Department of Biostatistics and Informatics, University of Colorado Denver, Anschutz Medical campus, Denver, Colorado, United States of America.
Syneos Health, Morrisville, North Carolina, United States of America.
PLoS Comput Biol. 2021 Oct 22;17(10):e1008986. doi: 10.1371/journal.pcbi.1008986. eCollection 2021 Oct.
High-throughput data such as metabolomics, genomics, transcriptomics, and proteomics have become familiar data types within the "-omics" family. For this work, we focus on subsets that interact with one another and represent these "pathways" as graphs. Observed pathways often have disjoint components, i.e., nodes or sets of nodes (metabolites, etc.) not connected to any other within the pathway, which notably lessens testing power. In this paper we propose the Pathway Integrated Regression-based Kernel Association Test (PaIRKAT), a new kernel machine regression method for incorporating known pathway information into the semi-parametric kernel regression framework. This work extends previous kernel machine approaches.
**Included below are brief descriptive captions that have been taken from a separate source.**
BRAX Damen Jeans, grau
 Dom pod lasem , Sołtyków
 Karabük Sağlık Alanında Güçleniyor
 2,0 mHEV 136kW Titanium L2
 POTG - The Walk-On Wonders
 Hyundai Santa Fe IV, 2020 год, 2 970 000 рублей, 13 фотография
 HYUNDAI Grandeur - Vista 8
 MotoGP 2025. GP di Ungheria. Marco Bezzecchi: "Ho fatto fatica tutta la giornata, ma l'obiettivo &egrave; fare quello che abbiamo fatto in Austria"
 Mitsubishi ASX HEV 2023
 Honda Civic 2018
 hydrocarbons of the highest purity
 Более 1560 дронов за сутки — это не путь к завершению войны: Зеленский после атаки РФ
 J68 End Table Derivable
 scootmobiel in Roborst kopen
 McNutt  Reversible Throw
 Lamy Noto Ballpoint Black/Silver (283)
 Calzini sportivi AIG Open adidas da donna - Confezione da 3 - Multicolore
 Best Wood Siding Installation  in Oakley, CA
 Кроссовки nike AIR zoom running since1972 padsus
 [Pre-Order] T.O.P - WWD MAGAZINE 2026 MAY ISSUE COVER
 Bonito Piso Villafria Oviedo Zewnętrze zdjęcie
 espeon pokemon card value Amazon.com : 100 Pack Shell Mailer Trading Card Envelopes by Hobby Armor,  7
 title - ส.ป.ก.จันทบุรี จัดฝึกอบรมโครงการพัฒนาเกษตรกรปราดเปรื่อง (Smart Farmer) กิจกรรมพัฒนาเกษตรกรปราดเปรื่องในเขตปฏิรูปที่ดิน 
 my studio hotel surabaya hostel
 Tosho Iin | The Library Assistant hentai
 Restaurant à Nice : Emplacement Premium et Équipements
This paper also contributes an application of a graph kernel regularization method for overcoming disconnected pathways. By incorporating a regularized or "smoothed" graph into a score test, PaIRKAT can provide more powerful tests for associations between biological pathways and phenotypes of interest and will be helpful in identifying novel pathways for targeted clinical research. We evaluate this method through several simulation studies and an application to real metabolomics data from the COPDGene study. Our simulation studies illustrate the robustness of this method to incorrect and incomplete pathway knowledge, and the real data analysis shows meaningful improvements of testing power in pathways. PaIRKAT was developed for application to metabolomic pathway data, but the techniques are easily generalizable to other data sources with a graph-like structure.
高通量数据,如代谢组学、基因组学、转录组学和蛋白质组学,已经成为“组学”家族中熟悉的数据类型。在这项工作中,我们专注于相互作用的子集,并将这些“途径”表示为图。观察到的途径通常具有不相交的组件,即与途径内的任何其他途径没有连接的节点或节点集(代谢物等),这显著降低了测试能力。在本文中,我们提出了基于通路集成回归的核关联测试(PaIRKAT),这是一种新的核机器回归方法,用于将已知的通路信息纳入半参数核回归框架中。这项工作扩展了以前的核机器方法。本文还贡献了一种用于克服不连通通路的图核正则化方法的应用。通过将正则化或“平滑”图纳入得分检验中,PaIRKAT 可以为生物途径与感兴趣的表型之间的关联提供更强大的检验,并有助于识别针对靶向临床研究的新途径。我们通过几项模拟研究和对 COPDGene 研究中真实代谢组学数据的应用来评估这种方法。我们的模拟研究说明了这种方法对不正确和不完整的通路知识的稳健性,并且真实数据分析表明在通路中测试能力有了有意义的提高。PaIRKAT 是为应用于代谢组学途径数据而开发的,但该技术很容易推广到具有类似图结构的其他数据源。